Die privaten Haushalte und die Produktionsbereiche wie beispielsweise die Industrie, Dienstleistungen oder die Landwirtschaft sorgten demgegenüber für einen Ausstoß von rund 879,2 Millionen Tonnen. Damit deckte die Zunahme der Kohlenstoffspeicherung des Waldökosystems im Jahr 2019 rechnerisch nur drei Prozent der jährlichen CO2-Emissionen in Deutschland ab, so die Statistiker.

Großteil der zusätzlichen Speicherung von Kohlenstoff in Waldböden

2019 nahm der Kohlenstoffspeicher des Waldökosystems demnach um knapp ein Drittel weniger zu als noch im Vorjahr, als die Zunahme umgerechnet 44,3 Millionen Tonnen CO2 betrug. Ein Grund des geringeren Anstiegs könnten die durch Trockenheit und Insektenbefall entstandenen Waldschäden sein.

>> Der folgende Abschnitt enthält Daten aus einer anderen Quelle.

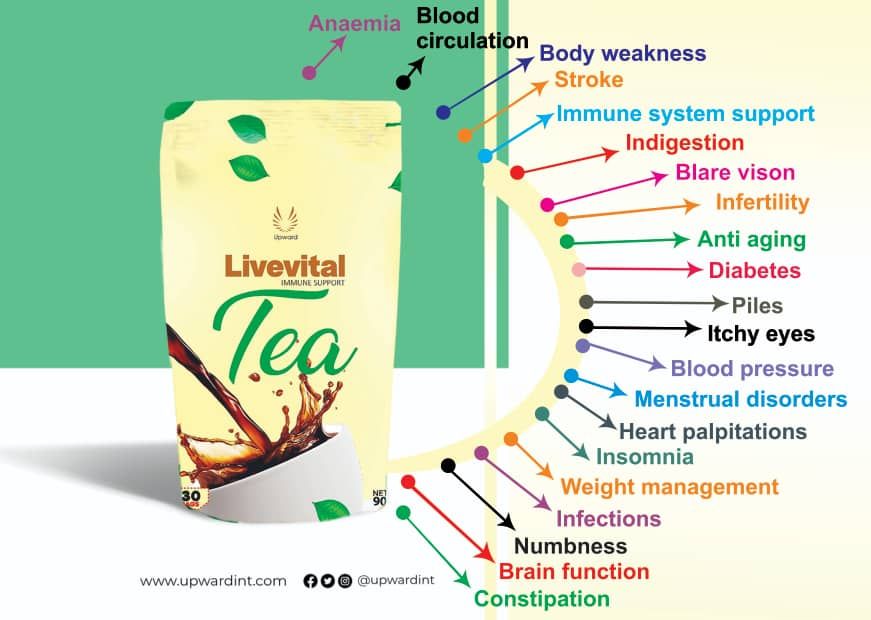 Livevital Tea _0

So fand der Großteil der zusätzlichen Speicherung mit rund 8,4 Millionen Tonnen Kohlenstoff in den Waldböden statt, während im stehenden Holz und der sonstigen Holzbiomasse sogar knapp 90000 Tonnen weniger Kohlenstoff gespeichert war als im Vorjahr. Bei dieser Betrachtung wird laut Bundesamt der Kohlenstoff nicht mitbetrachtet, der trotzdem langfristig im aus dem Wald entnommenen Holz gespeichert bleibt – zum Beispiel als Bauholz.

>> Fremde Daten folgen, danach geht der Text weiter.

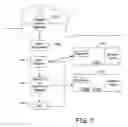 Fig. 13 - Automatic user interface updating in business processes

Das Waldökosystem ist ein gigantisches Reservoir an Kohlenstoff, der über Jahrzehnte oder sogar Jahrhunderte gebunden wird. Deutschlandweit speichert der Wald insgesamt rund 3,1 Milliarden Tonnen Kohlenstoff, das entspricht umgerechnet 11,5 Milliarden Tonnen CO2. Im Jahr 2018 waren es noch 11,4 Milliarden Tonnen.

Dabei ist der Waldboden der größte Kohlenstoffspeicher: Knapp die Hälfte (46,8 Prozent) des gesamten Kohlenstoffs in deutschen Wäldern bindet der Waldboden mit seiner Streu- und Humusauflage, gefolgt vom sogenannten stehenden Holz (28,9 Prozent), der sonstigen Holzbiomasse wie Sträucher oder Büsche (16,0 Prozent) und der sonstigen Biomasse mit 8,3 Prozent.

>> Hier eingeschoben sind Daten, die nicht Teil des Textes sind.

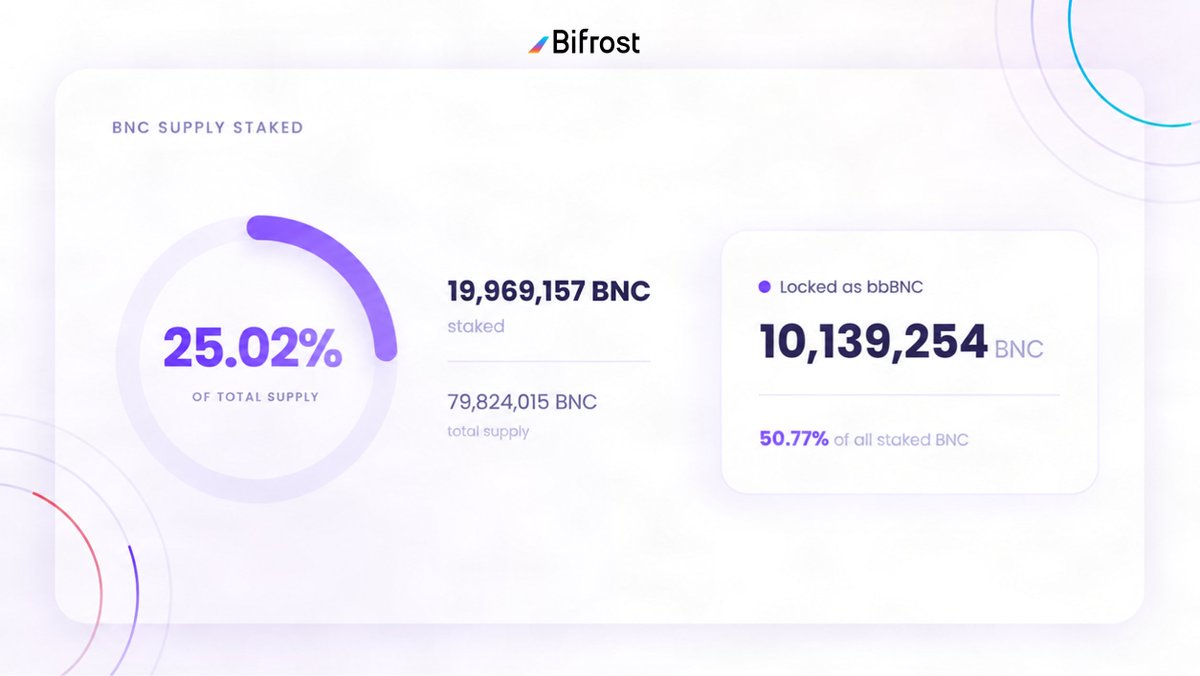 Bifrost's tweet photo. Nearly 20M $BNC is now staked!

That represents more than 25% of the total BNC supply actively participating in the ecosystem.

Among them, 12.5M $BNC is locked as bbBNC, aligning with the growth of Bifrost.

As Bifrost continues to expand beyond liquid staking, more products are coming soon.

Ein Baum bindet pro Kubikmeter Holz rund eine Tonne Kohlendioxid

Welche Rolle spielt das Holz der Wälder eigentlich dauerhaft, wenn es um den Klimaschutz geht? Schließlich ist der CO2-Gehalt in der Atmosphäre, der deutlich zum Klimawandel beiträgt, eine Bilanz aus Kohlendioxidquellen und -senken. Quellen sind beispielsweise fossile Brennstoffe wie Kohle, Öl und Gas, die verbrannt werden, um Energie zu gewinnen. So genannte Senken sind oft natürliche Prozesse wie zum Beispiel der Wuchs von Bäumen und anderen Pflanzen oder großflächige Moore.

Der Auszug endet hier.